2. Aux termes de l'article L. 521-3 du code de justice administrative : " En cas d'urgence et sur simple requête qui sera recevable même en l'absence de décision administrative préalable, le juge des référés peut ordonner toutes autres mesures utiles sans faire obstacle à l'exécution d'aucune décision ". Le juge des référés peut, dans le cadre de son office, donner acte d'un désistement ou constater un non-lieu.

3. Postérieurement à l'introduction des requêtes, le préfet d'Ille-et-Vilaine a invité M. et Mme A, par courriers du 27 mars 2023, à se présenter à la préfecture le vendredi 31 mars 2023 à 8 h 30 pour l'enregistrement de leurs demandes d'asile. Dès lors, leurs conclusions présentées aux fins d'injonction et d'astreinte tendant à obtenir un rendez-vous sont devenues sans objet et il n'y a plus lieu d'y statuer.

Sur les frais liés au litige :

4. Dans les circonstances de l'espèce, il n'y a pas lieu de faire droit aux conclusions présentées par M. et Mme A tendant à l'application des dispositions de l'article L. 761-1 du code de justice administrative.

O R D O N N E :

Article 1er : Il n'y a plus lieu de statuer sur les conclusions à fins d'injonction et d'astreinte des requêtes de M. et Mme A.

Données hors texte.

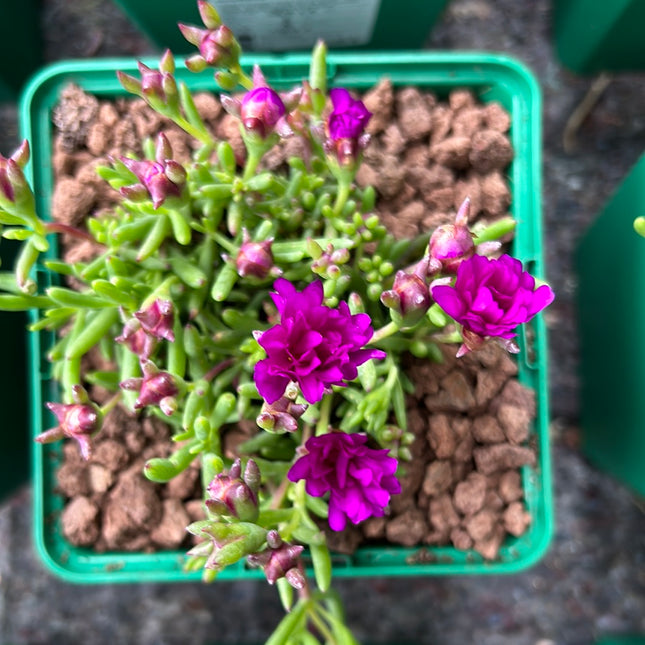 Lampranthus aurantiacus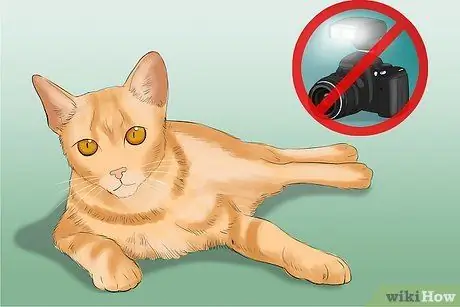 Сфотографируйте очаровательных кошек. Шаг 14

Article 2 : Le surplus des conclusions des requêtes est rejeté.

Article 4 : La présente ordonnance sera notifiée à M. C A, à Mme D B, épouse A et au ministre de l'intérieur et des outre-mer.

Copie en sera transmise pour information au préfet d'Ille-et-Vilaine.

Fait à Rennes, le 4 avril 2023.

Le juge des référés,

signé

F. Plumerault

La République mande et ordonne au ministre de l'intérieur et des outre-mer en ce qui le concerne ou à tous commissaires de justice à ce requis en ce qui concerne les voies de droit commun, contre les parties privées, de pourvoir à l'exécution de la présente décision.